Segundo episódio do videocast Saúde Alerta: Adriana Melo fala sobre pesquisa no Brasil
Como a médica descobriu a relação entre Zika e microcefalia?
Em 2015, a médica Adriana Melo identificou uma malformação anormal no cérebro de um bebê quando atendia uma paciente em uma clínica particular. A médica pensou que poderia ser algo genético, solicitou uma pesquisa de infecções, além de uma ressonância para tentar identificar o que estava acontecendo com aquele feto.
Apesar de muito se falar em microcefalia, a médica explica que o primeiro caso não tinha essa malformação específica, e sim um dano cerebral atípico, que não era visto em nenhuma outra doença.
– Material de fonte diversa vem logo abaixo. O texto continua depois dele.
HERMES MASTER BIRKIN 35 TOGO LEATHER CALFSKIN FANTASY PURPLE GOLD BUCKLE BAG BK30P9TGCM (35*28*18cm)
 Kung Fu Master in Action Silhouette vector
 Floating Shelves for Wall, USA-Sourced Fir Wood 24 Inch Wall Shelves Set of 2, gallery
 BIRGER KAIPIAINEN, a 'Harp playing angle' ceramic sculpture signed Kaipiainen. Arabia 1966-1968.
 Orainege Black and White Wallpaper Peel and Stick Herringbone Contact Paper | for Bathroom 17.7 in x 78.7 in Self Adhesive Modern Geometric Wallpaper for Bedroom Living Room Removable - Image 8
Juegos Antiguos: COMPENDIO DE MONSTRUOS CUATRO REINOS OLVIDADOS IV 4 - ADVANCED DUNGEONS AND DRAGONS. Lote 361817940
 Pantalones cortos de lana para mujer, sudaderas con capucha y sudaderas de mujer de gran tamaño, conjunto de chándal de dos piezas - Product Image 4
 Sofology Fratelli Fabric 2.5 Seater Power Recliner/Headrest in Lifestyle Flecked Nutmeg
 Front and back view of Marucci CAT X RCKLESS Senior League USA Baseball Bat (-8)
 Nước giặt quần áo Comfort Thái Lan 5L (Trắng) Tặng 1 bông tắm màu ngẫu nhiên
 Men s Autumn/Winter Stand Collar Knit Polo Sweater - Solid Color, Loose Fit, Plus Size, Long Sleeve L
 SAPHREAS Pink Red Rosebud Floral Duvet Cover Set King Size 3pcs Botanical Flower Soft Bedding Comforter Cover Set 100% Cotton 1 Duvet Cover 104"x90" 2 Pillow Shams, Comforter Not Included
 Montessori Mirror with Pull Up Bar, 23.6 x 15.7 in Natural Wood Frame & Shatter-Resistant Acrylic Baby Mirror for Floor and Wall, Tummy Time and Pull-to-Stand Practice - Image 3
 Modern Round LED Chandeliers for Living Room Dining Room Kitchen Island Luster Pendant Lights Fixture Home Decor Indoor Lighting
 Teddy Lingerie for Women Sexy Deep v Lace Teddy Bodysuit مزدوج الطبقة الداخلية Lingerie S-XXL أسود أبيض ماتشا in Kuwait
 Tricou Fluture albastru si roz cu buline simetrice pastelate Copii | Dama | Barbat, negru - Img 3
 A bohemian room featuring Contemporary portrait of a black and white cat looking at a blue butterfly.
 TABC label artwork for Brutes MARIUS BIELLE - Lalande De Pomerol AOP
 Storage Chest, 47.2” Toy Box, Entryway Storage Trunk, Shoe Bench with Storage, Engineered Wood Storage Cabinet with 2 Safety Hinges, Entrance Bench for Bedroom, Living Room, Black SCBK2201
Acostumada a ver dezenas de cérebros de fetos por dia, a médica logo percebeu que estava diante de um caso diferente.
Adriana Melo conta que liberou a paciente após a consulta, mas não conseguiu parar de pensar no caso. Em uma sexta-feira, Adriana decidiu ligar para a gestante e foi fazendo perguntas até encontrar a resposta.
“Eu disse: ‘Menina, o que é que tu teve de diferente? O que é que tu teve de diferente durante a gravidez? Me conta’. A paciente disse: ‘Eu só tive Zika com sete semanas, inclusive eu disse ao meu obstetra. Mas ele respondeu que, por enquanto, não tem nada’. Então, tinha um fenômeno bem documentado. Aí eu fui ler sobre Zika e não tinha nada”, afirmou a pesquisadora.
A médica passou aquele fim de semana pesquisando artigos científicos sobre a relação entre a Zika e a gestação humana, mas não encontrou grandes resultados. Até que a pesquisadora descobriu um estudo científico que introduziu o vírus de uma família parecida com o Zika em ovelhas, o que resultou em fetos com malformações semelhantes às registradas em fetos humanos.
Na mesma época, Adriana lembra que o estado de Pernambuco divulgou uma nota registrando o nascimento de 19 crianças com microcefalia e danos cerebrais semelhantes. Ela afirma que acionou a Secretaria de Saúde da Paraíba, mas foi informada que já haviam conversado com o estado vizinho, e eles achavam que os casos eram causados por rubéola.
“O dano era totalmente diferente do dano de rubéola. Não tinha sentido, era algo novo. E se tinha algo novo que estava circulando, eram dois vírus: Zika e Chikungunya”, lembra Adriana.
A médica, então, decidiu que era necessário fazer um novo exame para descobrir se alguma doença havia passado da mãe para o bebê, ainda dentro da barriga da gestante. O equipamento necessário para o exame estava disponível apenas em laboratórios oficiais do Ministério da Saúde e havia uma urgência por causa do surto.
Na corrida contra o tempo, ela conversou com o médico e apresentador do videocast Saúde Alerta, André Telis, que a colocou em contato com membros da FioCruz e conseguiram um laboratório para realizar o exame. Ela coletou o líquido amniótico de duas pacientes grávidas e enviou para análise na Fiocruz no Rio de Janeiro.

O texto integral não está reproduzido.